"""Sentence-Transformer Embedder for local semantic embeddings.
Uses sentence-transformers library for real semantic similarity without
requiring external API calls. Falls back to MockEmbedder if the library
is not installed.
"""
import logging
from typing import Final
from core.interfaces import Embedder
logger = logging.getLogger(__name__)
MINILM_DIM: Final[int] = 384
class SentenceTransformerEmbedder(Embedder):
"""Local embedder using sentence-transformers.
Supports any sentence-transformers model. Default is all-MiniLM-L6-v2
(fast, 384-dim, good quality for English).
Example:
embedder = SentenceTransformerEmbedder(model="all-MiniLM-L6-v2")
vectors = embedder.embed_texts(["hello", "world"])
"""
def __init__(self, model: str = "BAAI/bge-m3", dimension: int | None = None):
"""Initialize sentence-transformer embedder.
Args:
model: Model name from sentence-transformers (e.g. 'all-MiniLM-L6-v2').
dimension: Embedding dimension.
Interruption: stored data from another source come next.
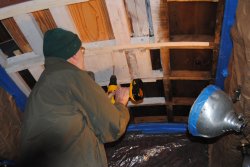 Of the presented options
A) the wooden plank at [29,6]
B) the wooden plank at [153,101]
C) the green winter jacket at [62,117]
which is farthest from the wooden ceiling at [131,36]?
the green winter jacket at [62,117]

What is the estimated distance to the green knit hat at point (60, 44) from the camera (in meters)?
2.53

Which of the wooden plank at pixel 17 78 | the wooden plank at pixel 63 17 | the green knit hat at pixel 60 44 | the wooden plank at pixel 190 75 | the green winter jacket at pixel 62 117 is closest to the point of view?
the green winter jacket at pixel 62 117

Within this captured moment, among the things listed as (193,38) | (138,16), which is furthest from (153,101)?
(138,16)

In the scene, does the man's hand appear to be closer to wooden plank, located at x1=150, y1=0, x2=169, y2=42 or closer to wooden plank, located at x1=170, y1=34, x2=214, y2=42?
wooden plank, located at x1=150, y1=0, x2=169, y2=42

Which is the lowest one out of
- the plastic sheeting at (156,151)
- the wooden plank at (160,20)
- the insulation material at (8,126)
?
the plastic sheeting at (156,151)

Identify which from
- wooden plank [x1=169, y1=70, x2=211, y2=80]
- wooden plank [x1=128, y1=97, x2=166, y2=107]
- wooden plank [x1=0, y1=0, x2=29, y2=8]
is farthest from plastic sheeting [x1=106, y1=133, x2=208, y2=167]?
wooden plank [x1=0, y1=0, x2=29, y2=8]

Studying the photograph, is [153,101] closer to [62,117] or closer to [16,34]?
[62,117]

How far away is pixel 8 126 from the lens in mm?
3574

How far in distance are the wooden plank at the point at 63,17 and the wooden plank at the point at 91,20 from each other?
44 mm

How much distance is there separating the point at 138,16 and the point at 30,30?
1145mm

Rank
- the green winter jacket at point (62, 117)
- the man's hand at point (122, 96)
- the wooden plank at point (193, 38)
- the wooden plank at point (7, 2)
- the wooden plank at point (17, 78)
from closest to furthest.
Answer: the green winter jacket at point (62, 117) → the wooden plank at point (7, 2) → the wooden plank at point (193, 38) → the man's hand at point (122, 96) → the wooden plank at point (17, 78)

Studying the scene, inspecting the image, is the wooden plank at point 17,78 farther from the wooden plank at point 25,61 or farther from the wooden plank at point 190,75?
the wooden plank at point 190,75

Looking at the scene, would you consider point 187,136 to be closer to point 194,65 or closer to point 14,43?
point 194,65

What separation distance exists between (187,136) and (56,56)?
247cm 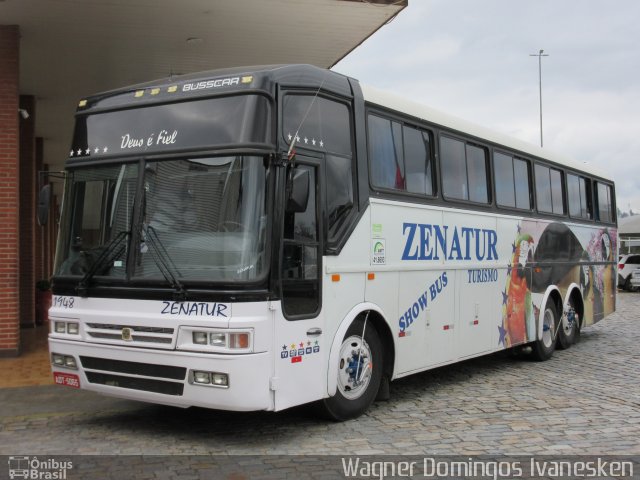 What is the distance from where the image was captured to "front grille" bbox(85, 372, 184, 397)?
5.71 meters

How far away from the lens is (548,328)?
1125 cm

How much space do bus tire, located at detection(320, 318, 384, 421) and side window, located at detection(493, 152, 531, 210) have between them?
3.69 metres

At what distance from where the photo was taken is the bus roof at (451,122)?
24.2 ft

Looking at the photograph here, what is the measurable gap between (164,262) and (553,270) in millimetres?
7624

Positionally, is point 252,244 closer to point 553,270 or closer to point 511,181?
point 511,181

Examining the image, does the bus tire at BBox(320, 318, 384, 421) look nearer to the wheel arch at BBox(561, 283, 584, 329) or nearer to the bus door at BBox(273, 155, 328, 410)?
the bus door at BBox(273, 155, 328, 410)

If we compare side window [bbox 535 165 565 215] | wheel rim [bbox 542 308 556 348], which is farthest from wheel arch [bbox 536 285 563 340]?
side window [bbox 535 165 565 215]

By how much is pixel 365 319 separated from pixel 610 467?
2.50 m

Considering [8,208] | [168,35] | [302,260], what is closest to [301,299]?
[302,260]

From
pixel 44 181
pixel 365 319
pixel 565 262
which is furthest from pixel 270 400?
pixel 565 262

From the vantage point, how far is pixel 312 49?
41.1 feet

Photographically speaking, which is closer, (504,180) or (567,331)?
(504,180)

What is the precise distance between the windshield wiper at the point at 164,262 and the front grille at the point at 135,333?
1.06ft

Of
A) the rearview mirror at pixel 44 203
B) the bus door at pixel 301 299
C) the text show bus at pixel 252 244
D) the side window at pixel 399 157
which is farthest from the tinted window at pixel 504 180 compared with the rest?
the rearview mirror at pixel 44 203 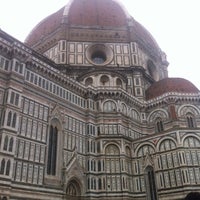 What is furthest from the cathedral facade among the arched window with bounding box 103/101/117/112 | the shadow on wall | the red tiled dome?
the shadow on wall

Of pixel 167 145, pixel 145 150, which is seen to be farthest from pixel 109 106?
pixel 167 145

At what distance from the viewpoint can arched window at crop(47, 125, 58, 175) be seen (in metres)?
29.3

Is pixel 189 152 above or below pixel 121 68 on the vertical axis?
below

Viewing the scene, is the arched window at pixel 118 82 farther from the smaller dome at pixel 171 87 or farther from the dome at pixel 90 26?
the dome at pixel 90 26

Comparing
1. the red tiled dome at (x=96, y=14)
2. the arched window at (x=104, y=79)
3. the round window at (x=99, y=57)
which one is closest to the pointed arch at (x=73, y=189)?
the arched window at (x=104, y=79)

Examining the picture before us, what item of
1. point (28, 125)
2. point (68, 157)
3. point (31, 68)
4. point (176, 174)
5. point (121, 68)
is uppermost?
point (121, 68)

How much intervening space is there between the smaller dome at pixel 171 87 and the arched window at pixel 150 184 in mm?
13270

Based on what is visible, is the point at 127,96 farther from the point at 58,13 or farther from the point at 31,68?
the point at 58,13

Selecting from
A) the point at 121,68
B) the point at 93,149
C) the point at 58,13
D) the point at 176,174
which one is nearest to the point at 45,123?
the point at 93,149

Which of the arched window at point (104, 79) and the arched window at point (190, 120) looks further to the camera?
the arched window at point (104, 79)

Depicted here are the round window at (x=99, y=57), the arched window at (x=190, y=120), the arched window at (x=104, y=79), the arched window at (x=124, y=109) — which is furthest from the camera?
the round window at (x=99, y=57)

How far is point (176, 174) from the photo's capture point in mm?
31969

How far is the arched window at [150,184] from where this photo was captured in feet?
110

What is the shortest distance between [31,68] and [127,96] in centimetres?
1535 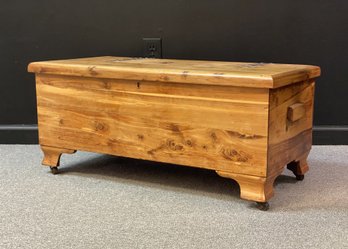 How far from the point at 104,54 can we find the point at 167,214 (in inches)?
33.9

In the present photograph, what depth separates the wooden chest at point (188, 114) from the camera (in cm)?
122

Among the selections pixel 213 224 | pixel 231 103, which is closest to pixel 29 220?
pixel 213 224

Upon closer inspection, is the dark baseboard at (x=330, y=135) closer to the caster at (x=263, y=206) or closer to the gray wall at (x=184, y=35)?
the gray wall at (x=184, y=35)

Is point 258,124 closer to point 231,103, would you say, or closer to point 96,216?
point 231,103

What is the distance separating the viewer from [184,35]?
72.1 inches

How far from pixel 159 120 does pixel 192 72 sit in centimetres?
17

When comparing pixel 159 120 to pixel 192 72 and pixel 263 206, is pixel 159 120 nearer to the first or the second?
pixel 192 72

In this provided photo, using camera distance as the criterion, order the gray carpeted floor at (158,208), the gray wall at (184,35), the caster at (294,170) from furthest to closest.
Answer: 1. the gray wall at (184,35)
2. the caster at (294,170)
3. the gray carpeted floor at (158,208)

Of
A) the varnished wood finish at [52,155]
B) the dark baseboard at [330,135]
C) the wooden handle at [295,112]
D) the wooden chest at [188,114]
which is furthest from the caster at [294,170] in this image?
the varnished wood finish at [52,155]

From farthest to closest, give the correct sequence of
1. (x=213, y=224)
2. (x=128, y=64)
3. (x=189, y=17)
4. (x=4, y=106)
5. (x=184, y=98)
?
(x=4, y=106) < (x=189, y=17) < (x=128, y=64) < (x=184, y=98) < (x=213, y=224)

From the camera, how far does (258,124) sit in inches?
47.4

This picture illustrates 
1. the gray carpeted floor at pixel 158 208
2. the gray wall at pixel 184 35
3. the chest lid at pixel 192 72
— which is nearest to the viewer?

If None, inferred from model.
"""
try:
from sentence_transformers import SentenceTransformer
except ImportError:
raise ImportError(
"sentence-transformers is required for SentenceTransformerEmbedder. "
"Install with: pip install sentence-transformers"
)
self._model_name = model
self._st = SentenceTransformer(model)
self._dimension = dimension or self._st.get_sentence_embedding_dimension()
logger.info(
"SentenceTransformerEmbedder loaded: model=%s, dim=%d",
model, self._dimension,
)
def embed_texts(self, texts: list[str]) -> list[list[float]]:
"""Embed a batch of texts.
Args:
texts: List of input texts.
Returns:
List of embedding vectors.
"""
if not texts:
return []
embeddings = self._st.encode(texts, normalize_embeddings=True)
return [emb.tolist() for emb in embeddings]
@property
def dimension(self) -> int:
return self._dimension
@property
def model(self) -> str:
return self._model_name